GMP: You mention in the book that, though all the interviews you did for Mambo Kings stoked your ego, you usually didn’t enjoy doing them. So what’s one question that I could ask you, to finish up with, that you would enjoy being asked?
OH: I guess the question I would like to be asked is… Do I feel that my writing might have value for youngsters today? Thoughts Without Cigarettes is the kind of book I wish I could have read when I was a kid, because it points out how circumstance can define your life, and that you shouldn’t get too hard or down on yourself.
Because I guess I still see myself—even though I’m generations apart—as having an affinity with the new Latinos in this country.
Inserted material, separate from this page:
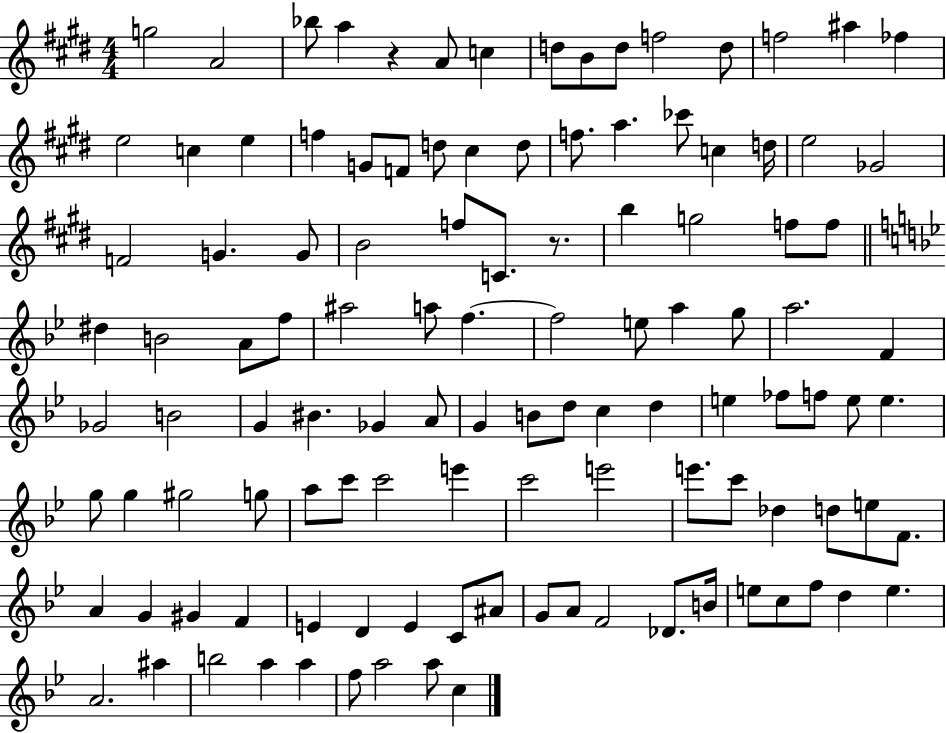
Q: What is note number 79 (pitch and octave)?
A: E6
There are millions of kids out there who are wondering about their identities, and maybe some part of them—because of the media, or because of what’s hip now, or because of what they perceive from the internet or whatever their means of seeing the world is—can be down on themselves, because of how Latinos are sometimes talked about, particularly with immigration issues and all that.
So the question I would like to be asked is, do I feel that my book would have value for kids trying to find themselves in terms of their own identity and how they fit in. And I would hope the answer would be yes.